In order to be able to single step the evaluation process, the debugger must be able to gain control both before and after each expression is evaluated. In Psd this is accomplished by packaging each expression inside a procedure. This procedure is then passed to the debugger command loop. When the user wants to continue, the command loop simply calls the procedure that was passed to it. The command loop then gains control again, and finally returns the value that the procedure returned. For example, the expression (+ x 1) in figure 2 is transformed to
(psd-debug (lambda () (+ x 1)))
The transformation is done recursively, so the expression is really transformed into
(psd-debug (lambda () ((psd-debug (lambda () +) (psd-debug (lambda () x) (psd-debug (lambda () 1)))))))In reality the debugger gets some more information (the current location in source code etc.), but the basic idea is the same.

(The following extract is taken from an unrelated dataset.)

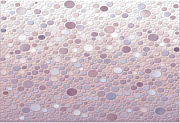 Настенная плитка ALMA CERAMICA Лила TWU07LIL005 на белом розовая 36,4х24,9см 1,36кв.м. глянцевая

It may seem that there is no point in instrumenting expressions like + and 1, but the instrumentation is needed for supporting breakpoints. Breakpoints are implemented by maintaining a list of source code locations of breakpoints. Each time psd-debug is called, it checks if there is a breakpoint for the current source line, and starts a command loop if needed. If primitive expressions like x would not be instrumented, there would be source lines for which breakpoints could not be set, for example in
(foo bar baz zap)
Single stepping is implemented similarly. Stepping by line is implemented by keeping track of the line number corresponding to the previous call to psd-debug.